*** Opening of DATA FOR THE TASK ***

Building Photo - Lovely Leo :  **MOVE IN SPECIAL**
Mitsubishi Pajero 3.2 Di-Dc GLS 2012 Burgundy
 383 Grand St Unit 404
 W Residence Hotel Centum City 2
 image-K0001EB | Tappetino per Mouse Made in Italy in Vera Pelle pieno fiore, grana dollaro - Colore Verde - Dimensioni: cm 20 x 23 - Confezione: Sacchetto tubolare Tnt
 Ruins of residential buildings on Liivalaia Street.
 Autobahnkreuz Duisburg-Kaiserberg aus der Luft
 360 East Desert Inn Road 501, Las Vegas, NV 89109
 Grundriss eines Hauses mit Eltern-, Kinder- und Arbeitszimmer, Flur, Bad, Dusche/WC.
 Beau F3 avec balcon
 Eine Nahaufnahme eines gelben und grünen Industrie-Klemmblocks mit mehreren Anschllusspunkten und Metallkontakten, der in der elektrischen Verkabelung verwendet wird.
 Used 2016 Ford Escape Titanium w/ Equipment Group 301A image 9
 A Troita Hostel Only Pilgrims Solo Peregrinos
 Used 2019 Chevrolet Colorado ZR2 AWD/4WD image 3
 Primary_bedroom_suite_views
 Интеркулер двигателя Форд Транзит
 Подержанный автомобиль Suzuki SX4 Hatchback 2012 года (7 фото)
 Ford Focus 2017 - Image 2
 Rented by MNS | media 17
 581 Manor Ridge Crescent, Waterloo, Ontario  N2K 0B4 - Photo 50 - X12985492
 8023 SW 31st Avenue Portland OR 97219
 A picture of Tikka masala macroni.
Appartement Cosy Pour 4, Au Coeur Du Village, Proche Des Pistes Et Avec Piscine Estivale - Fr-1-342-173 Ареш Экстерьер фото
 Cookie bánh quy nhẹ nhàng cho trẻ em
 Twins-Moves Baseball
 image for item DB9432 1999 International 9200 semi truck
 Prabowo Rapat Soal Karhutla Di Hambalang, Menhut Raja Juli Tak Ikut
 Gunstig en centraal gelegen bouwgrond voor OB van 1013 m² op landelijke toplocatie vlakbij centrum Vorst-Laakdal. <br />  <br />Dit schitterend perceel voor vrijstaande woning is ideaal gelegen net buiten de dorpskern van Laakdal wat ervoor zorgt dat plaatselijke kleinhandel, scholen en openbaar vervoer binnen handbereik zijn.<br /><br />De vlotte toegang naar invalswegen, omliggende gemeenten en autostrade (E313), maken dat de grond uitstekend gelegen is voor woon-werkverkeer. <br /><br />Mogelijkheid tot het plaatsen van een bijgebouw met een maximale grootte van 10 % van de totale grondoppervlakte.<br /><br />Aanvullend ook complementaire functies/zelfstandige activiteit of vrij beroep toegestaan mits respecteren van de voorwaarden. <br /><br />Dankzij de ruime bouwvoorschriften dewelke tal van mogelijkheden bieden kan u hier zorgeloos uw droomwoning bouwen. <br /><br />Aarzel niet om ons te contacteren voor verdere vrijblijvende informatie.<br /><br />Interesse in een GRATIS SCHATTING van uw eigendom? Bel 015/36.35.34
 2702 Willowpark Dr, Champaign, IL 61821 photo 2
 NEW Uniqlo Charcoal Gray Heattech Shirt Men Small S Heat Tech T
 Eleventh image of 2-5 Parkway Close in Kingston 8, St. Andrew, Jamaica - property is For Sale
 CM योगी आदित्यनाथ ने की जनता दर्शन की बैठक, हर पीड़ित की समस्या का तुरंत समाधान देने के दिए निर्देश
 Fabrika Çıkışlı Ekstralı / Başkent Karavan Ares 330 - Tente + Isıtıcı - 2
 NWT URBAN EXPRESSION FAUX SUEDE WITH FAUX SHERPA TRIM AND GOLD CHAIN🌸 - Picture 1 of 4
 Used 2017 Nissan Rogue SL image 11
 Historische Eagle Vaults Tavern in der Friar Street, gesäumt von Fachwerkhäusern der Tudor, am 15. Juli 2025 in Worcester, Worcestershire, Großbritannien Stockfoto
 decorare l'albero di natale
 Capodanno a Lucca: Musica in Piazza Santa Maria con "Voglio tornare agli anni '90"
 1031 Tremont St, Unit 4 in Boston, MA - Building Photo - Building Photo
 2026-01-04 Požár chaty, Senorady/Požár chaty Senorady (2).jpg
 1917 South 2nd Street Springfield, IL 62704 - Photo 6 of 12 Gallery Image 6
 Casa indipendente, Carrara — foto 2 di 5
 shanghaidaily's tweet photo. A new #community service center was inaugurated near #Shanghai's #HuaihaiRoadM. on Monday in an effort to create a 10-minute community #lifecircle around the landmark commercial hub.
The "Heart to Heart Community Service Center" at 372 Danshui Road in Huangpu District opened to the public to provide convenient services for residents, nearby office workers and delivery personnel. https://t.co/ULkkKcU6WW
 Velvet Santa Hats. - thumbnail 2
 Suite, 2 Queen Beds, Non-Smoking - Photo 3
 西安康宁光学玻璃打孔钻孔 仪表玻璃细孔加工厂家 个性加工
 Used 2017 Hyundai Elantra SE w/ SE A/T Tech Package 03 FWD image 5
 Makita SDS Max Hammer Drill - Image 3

*** Close of DATA FOR THE TASK ***

■ PROBLEM TO WORK ON ■
Without dropping a single line, output the records above exactly.

■ OUTPUT OF THE EXERCISE ■
Building Photo - Lovely Leo :  **MOVE IN SPECIAL**
Mitsubishi Pajero 3.2 Di-Dc GLS 2012 Burgundy
 383 Grand St Unit 404
 W Residence Hotel Centum City 2
 image-K0001EB | Tappetino per Mouse Made in Italy in Vera Pelle pieno fiore, grana dollaro - Colore Verde - Dimensioni: cm 20 x 23 - Confezione: Sacchetto tubolare Tnt
 Ruins of residential buildings on Liivalaia Street.
 Autobahnkreuz Duisburg-Kaiserberg aus der Luft
 360 East Desert Inn Road 501, Las Vegas, NV 89109
 Grundriss eines Hauses mit Eltern-, Kinder- und Arbeitszimmer, Flur, Bad, Dusche/WC.
 Beau F3 avec balcon
 Eine Nahaufnahme eines gelben und grünen Industrie-Klemmblocks mit mehreren Anschllusspunkten und Metallkontakten, der in der elektrischen Verkabelung verwendet wird.
 Used 2016 Ford Escape Titanium w/ Equipment Group 301A image 9
 A Troita Hostel Only Pilgrims Solo Peregrinos
 Used 2019 Chevrolet Colorado ZR2 AWD/4WD image 3
 Primary_bedroom_suite_views
 Интеркулер двигателя Форд Транзит
 Подержанный автомобиль Suzuki SX4 Hatchback 2012 года (7 фото)
 Ford Focus 2017 - Image 2
 Rented by MNS | media 17
 581 Manor Ridge Crescent, Waterloo, Ontario  N2K 0B4 - Photo 50 - X12985492
 8023 SW 31st Avenue Portland OR 97219
 A picture of Tikka masala macroni.
Appartement Cosy Pour 4, Au Coeur Du Village, Proche Des Pistes Et Avec Piscine Estivale - Fr-1-342-173 Ареш Экстерьер фото
 Cookie bánh quy nhẹ nhàng cho trẻ em
 Twins-Moves Baseball
 image for item DB9432 1999 International 9200 semi truck
 Prabowo Rapat Soal Karhutla Di Hambalang, Menhut Raja Juli Tak Ikut
 Gunstig en centraal gelegen bouwgrond voor OB van 1013 m² op landelijke toplocatie vlakbij centrum Vorst-Laakdal. <br />  <br />Dit schitterend perceel voor vrijstaande woning is ideaal gelegen net buiten de dorpskern van Laakdal wat ervoor zorgt dat plaatselijke kleinhandel, scholen en openbaar vervoer binnen handbereik zijn.<br /><br />De vlotte toegang naar invalswegen, omliggende gemeenten en autostrade (E313), maken dat de grond uitstekend gelegen is voor woon-werkverkeer. <br /><br />Mogelijkheid tot het plaatsen van een bijgebouw met een maximale grootte van 10 % van de totale grondoppervlakte.<br /><br />Aanvullend ook complementaire functies/zelfstandige activiteit of vrij beroep toegestaan mits respecteren van de voorwaarden. <br /><br />Dankzij de ruime bouwvoorschriften dewelke tal van mogelijkheden bieden kan u hier zorgeloos uw droomwoning bouwen. <br /><br />Aarzel niet om ons te contacteren voor verdere vrijblijvende informatie.<br /><br />Interesse in een GRATIS SCHATTING van uw eigendom? Bel 015/36.35.34
 2702 Willowpark Dr, Champaign, IL 61821 photo 2
 NEW Uniqlo Charcoal Gray Heattech Shirt Men Small S Heat Tech T
 Eleventh image of 2-5 Parkway Close in Kingston 8, St. Andrew, Jamaica - property is For Sale
 CM योगी आदित्यनाथ ने की जनता दर्शन की बैठक, हर पीड़ित की समस्या का तुरंत समाधान देने के दिए निर्देश
 Fabrika Çıkışlı Ekstralı / Başkent Karavan Ares 330 - Tente + Isıtıcı - 2
 NWT URBAN EXPRESSION FAUX SUEDE WITH FAUX SHERPA TRIM AND GOLD CHAIN🌸 - Picture 1 of 4
 Used 2017 Nissan Rogue SL image 11
 Historische Eagle Vaults Tavern in der Friar Street, gesäumt von Fachwerkhäusern der Tudor, am 15. Juli 2025 in Worcester, Worcestershire, Großbritannien Stockfoto
 decorare l'albero di natale
 Capodanno a Lucca: Musica in Piazza Santa Maria con "Voglio tornare agli anni '90"
 1031 Tremont St, Unit 4 in Boston, MA - Building Photo - Building Photo
 2026-01-04 Požár chaty, Senorady/Požár chaty Senorady (2).jpg
 1917 South 2nd Street Springfield, IL 62704 - Photo 6 of 12 Gallery Image 6
 Casa indipendente, Carrara — foto 2 di 5
 shanghaidaily's tweet photo. A new #community service center was inaugurated near #Shanghai's #HuaihaiRoadM. on Monday in an effort to create a 10-minute community #lifecircle around the landmark commercial hub.
The "Heart to Heart Community Service Center" at 372 Danshui Road in Huangpu District opened to the public to provide convenient services for residents, nearby office workers and delivery personnel. https://t.co/ULkkKcU6WW
 Velvet Santa Hats. - thumbnail 2
 Suite, 2 Queen Beds, Non-Smoking - Photo 3
 西安康宁光学玻璃打孔钻孔 仪表玻璃细孔加工厂家 个性加工
 Used 2017 Hyundai Elantra SE w/ SE A/T Tech Package 03 FWD image 5
 Makita SDS Max Hammer Drill - Image 3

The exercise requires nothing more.